29/5/2020 -Pugno di ferro contro la movida nelle strade cool del centro di Reggio. Con un’ordinanza emanata oggi, il sindaco Luca Vecchi ha imposto sino al 15 giugno 2020 l’obbligo di indossare la mascherina – salvo che l’uso della mascherina sia incompatibile con esigenze personali del momento (ad esempio mangiare o bere) – a partire dalle ore 18 alle ore 2 del giorno seguente delle giornate di mercoledì, venerdì, sabato e giornate prefestive e festive.

Tale obbligo vale per tutti coloro che si trovano a transitare o sostare, a piedi o in bicicletta, nelle seguenti zone del centro storico:

– piazza Fontanesi;- piazza XXIV Maggio; – piazza San Prospero; – piazza Prampolini; – piazza Gioberti; – piazza Scapinelli; – piazza Casotti; – vicolo Broletto; – via Caggiati; – via San Carlo; – via Mercato; – via Campo Marzio; – via della Volta; – via del Guazzatoio; – vicolo Casalecchi; – via Emilia Santo Stefano (tratto da via della Volta fino a piazza Gioberti).

“Confidiamo sul fatto che i giovani, che già hanno dato prova di responsabilità, e i frequentatori dei locali in generale sapranno comportarsi in modo responsabile nelle prossime settimane”. Questo è l’augurio del sindaco Vecchi.

D’altra parte, inadempienti, distratti e furbetti che dimenticano la mascherina saranno stangati con multe salatissime, da un minimo di 400 a un massimo di mille euro.

“Rimane inalterato l’obbligo di rispettare, su tutto il territorio- precisa una nota del comune – l’uso della mascherina a protezione delle vie respiratorie, qualora non si possa rispettare il distanziamento fisico previsto dalle normative”.

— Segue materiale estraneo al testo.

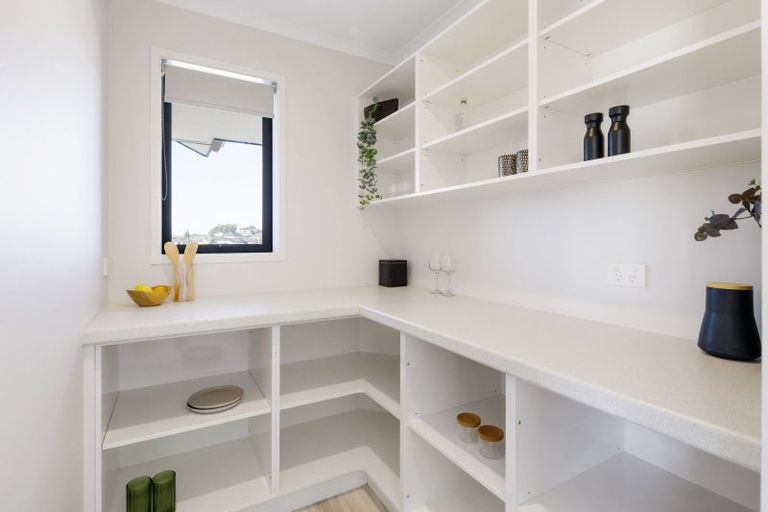 Photo of property in 38 Rose Berry Crescent, Flagstaff, Hamilton, 3210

L’ordinanza “è stata emanata a seguito di situazioni che si sono create nel centro storico di Reggio Emilia con la fine del lockdown e le conseguenti riaperture degli esercizi di somministrazione di alimenti e bevande con consumo in loco.

Soprattutto nel fine settimana scorso, si sono registrate altissime affluenze di avventori e passanti, che rendevano impossibile rispettare l’indicazione del distanziamento fisico, previsto dalle normative in vigore per il contenimento della pandemia da Coronavirus”.

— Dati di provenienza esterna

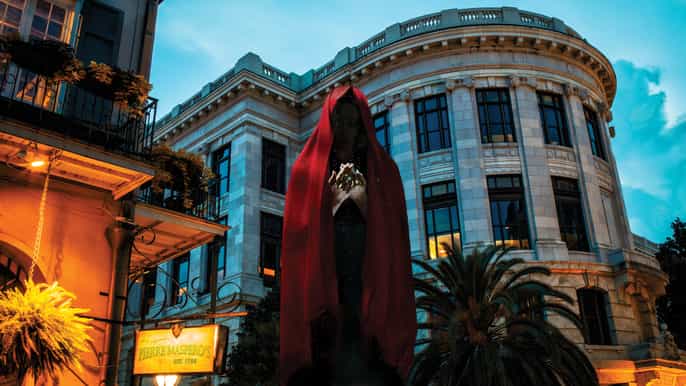 ghosts and spirits – new orleans evening walking tour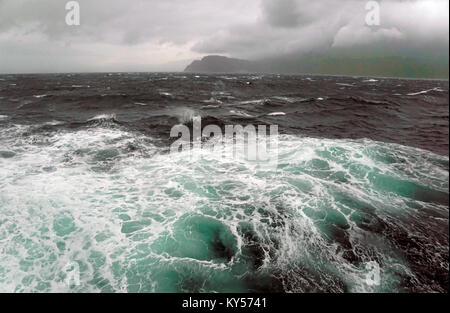 Seegang während Sturm in der Magellanstraße, Chile, mit dem Kreuzfahrtschiff Norwegian Sun. Stockfoto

In diversi cas ” oltre al mancato rispetto del distanziamento fisico, si è avuto il mancato utilizzo della mascherina chirurgica da parte degli stessi presenti.

“Si ricorda in proposito, il Decreto del presidente della Regione Emilia-Romagna (82 del 17 maggio 2020) in cui si legge: “E’ obbligatorio l’uso delle mascherine nei locali aperti al pubblico. Tale obbligo vige anche nei luoghi all’aperto laddove non sia possibile mantenere il distanziamento di un metro“.

“La cosiddetta Fase2 dell’emergenza epidemiologica – recita l’ordinanza – impone di gestire, monitorare e ridurre le possibili insorgenze di nuovi focolai epidemici, attraverso i comportamenti responsabili e rispettosi della popolazione.Come indicato dagli studi attualmente disponibili, l’igiene costante delle mani, il mantenimento del distanziamento fisico e l’uso dei dispositivi di protezione individuale, come la mascherina chirurgica, rappresentano utili presidi per ridurre le probabilità di nuovi contagi tra la popolazione”.